Their latest walk began with prayers in St Patrick's Roman Catholic Church in Claudy and then at Cumber Upper Church of Ireland, which has a stained glass window commemorating the young Claudy bomb victim, Kathryn Eakin. Before setting off on their walk, the two leaders visited a nearby bridge which had been wrecked in the recent flooding and spoke to workmen who are repairing it. Bishop McKeown said the gesture was symbolic of their determination to build bridges in the community.

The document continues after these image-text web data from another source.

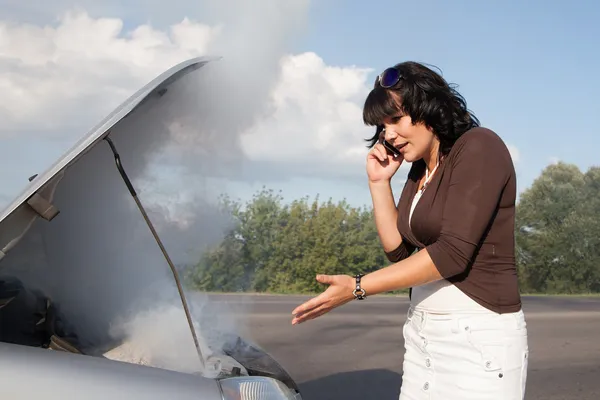 Woman near smoking car calling for help — Stock Photo, Image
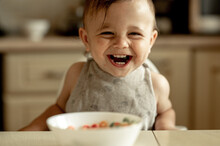 Cute Smiling Baby Eats Colorful Cereal Flakes For Breakfast. The Child Is Happy, He Is Sincerely Happy And Smiling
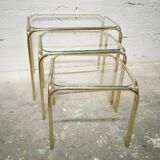 Trio of nesting tables in gold metal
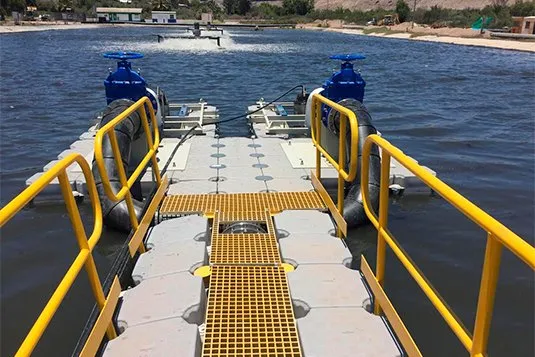 Plataforma flotante Candock con bombas, barandas amarillas y piso de rejilla en un proyecto minero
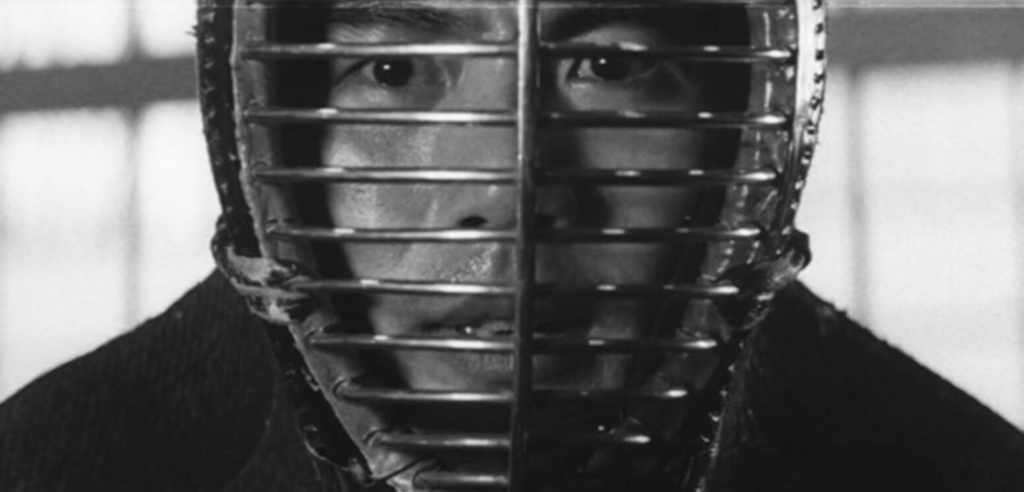 A black and white photo of a man wearing a protective face mask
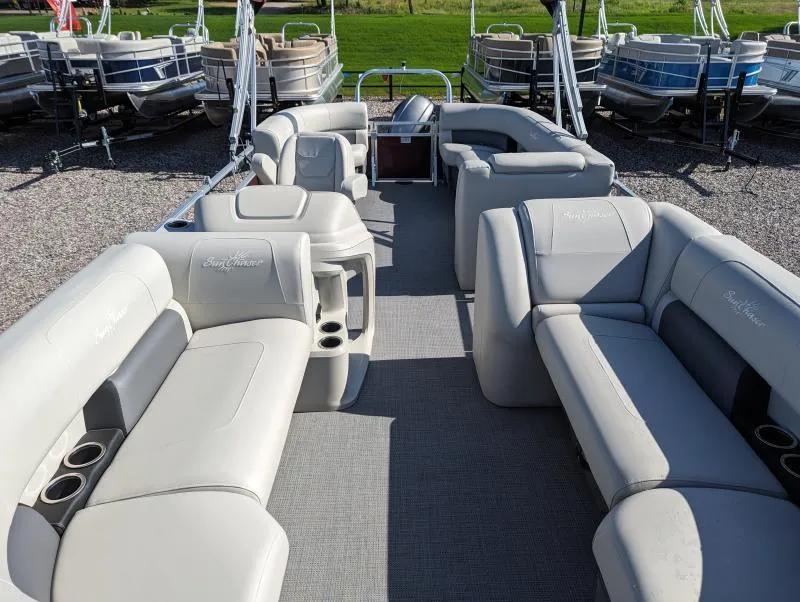 Slide: The Image of 2024 SunChaser Vista 22 LR pontoon boat with spacious seating and modern design. - 5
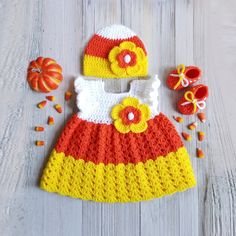 a crocheted dress, hat and booties are laying on a white wooden surface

Half way through their walk, the church leaders stopped at Donagheady Parish’s church hall, in Donemana, for lunch. They were entertained by a choir comprised of children from four local primary schools. The schools are taking part in a shared education project and Thursday’s performance was the first public demonstration of their shared learning.
Despite a dismal weather forecast, the two bishops avoided rainfall until they reached Artigarvan, where a heavy cloudburst forced them to don wet-weather gear. They were met on the outskirts of Strabane by Fr Declan Boland from Strabane (Camus) Parish and by the Curate of Camus-Juxta-Mourne Parish, Rev Mark Lennox. The Strabane clergymen had organised brief joint services in Christ Church Church of Ireland and the Church of the Immaculate Conception.

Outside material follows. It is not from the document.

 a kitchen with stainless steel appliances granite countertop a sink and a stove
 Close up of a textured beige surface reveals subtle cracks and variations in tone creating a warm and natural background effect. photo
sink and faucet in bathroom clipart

Bishop Good said during the walk he had been overwhelmed by the messages of support and sympathy he had received from right across the community following the desecration of Christ Church Londonderry during a break-in earlier in the week. He said the messages of solidarity would be a great comfort for the parishioners at Christ Church.
The bishops will complete the last leg of their pilgrimage series on Saturday when they walk from Limavady to Garvagh. Last April they completed a three-day walk from St Columba’s birthplace at Gartan, in Donegal, to St Augustine’s Church in Derry-Londonderry (a distance of 34 miles), and in June they made a joint visit to the island of Iona, where St Columba settled, founded a monastery and eventually died.
“We are eager to heighten the profile of faith traditions in our dioceses,” the church leaders said in a joint statement, “and hope our shared witness to the Gospel will encourage reconciliation in our community. We want to raise awareness of the long ecclesiastical history of our community, its shared Columban narrative and rich Christian heritage.”